By Bishop Timothy W. Whitaker

From the very beginning Methodists in America have been committed to learning. One of the first two general superintendents of The Methodist Episcopal Church, Bishop Thomas Coke, inspired the Methodists to establish Cokesbury College, which was modeled after a school John Wesley founded in England. Even though this college was abandoned after it burned, Methodists continued to establish colleges.

Some of the leading institutions of higher education in America today were established by the Methodists. Some of them, including Wesleyan, Vanderbilt, Southern California and Northwestern, have cut their ties to the church, but others, including Duke and Emory, have maintained their relationship to the church.

There is a renewed desire across the nation by both the schools and The United Methodist Church to strengthen the ties between colleges and universities and the church. The presidents and the bishops are planning meetings to discuss how to develop closer relationships. Warmer relationships between schools and annual conferences are being developed in many places. The Florida Annual Conference is fortunate to have a close relationship to both Florida Southern College and Bethune-Cookman College (which is related directly to the whole denomination).

In the past the schools were like the children of the church, but over the years the schools have matured so that their relationship to the church is more like the relationship of an adult with another adult.
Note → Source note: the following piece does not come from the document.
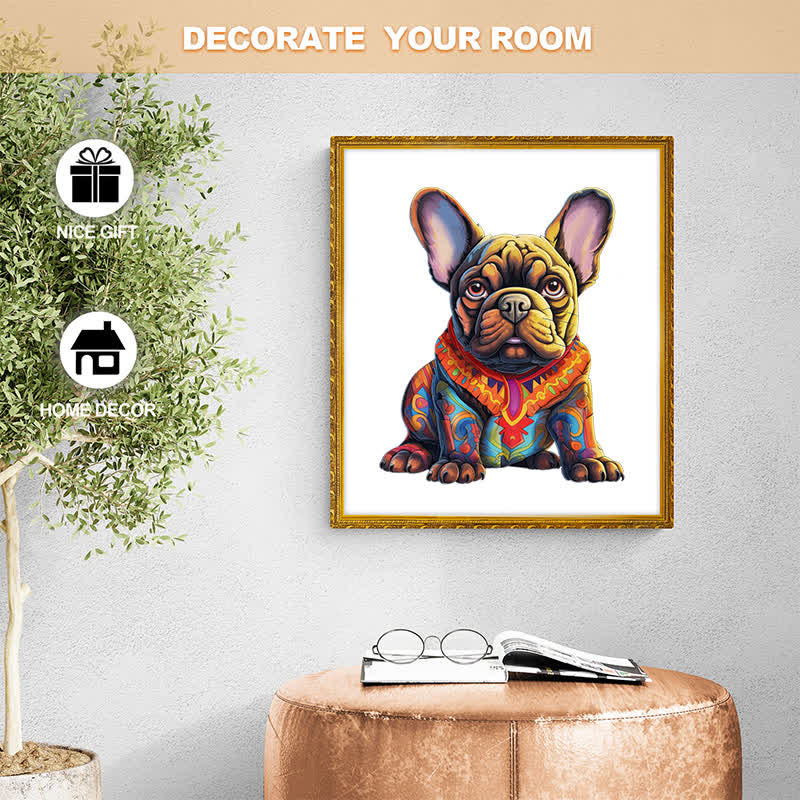 French Bulldog Hungarian Dog -2 Wooden Jigsaw Puzzle - image 8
As the schools matured sometimes they tried to assert independence form the church in the same way children become independent from their parents. Often there was tension and misunderstanding between the schools and the church. Yet, just as adult children seek to re-establish close ties with their parents the schools have been reaching out to the church for a closer relationship.

My hope would be that over time the relationship between the schools and the church would be not only institutional, but also intellectual. I would hope that the church-related schools would become places not only where there are worship and moral formation for students, but also an engagement between all the disciplines of learning with the truth found in the wisdom of the Christian tradition, especially at it is understood in the Wesleyan heritage.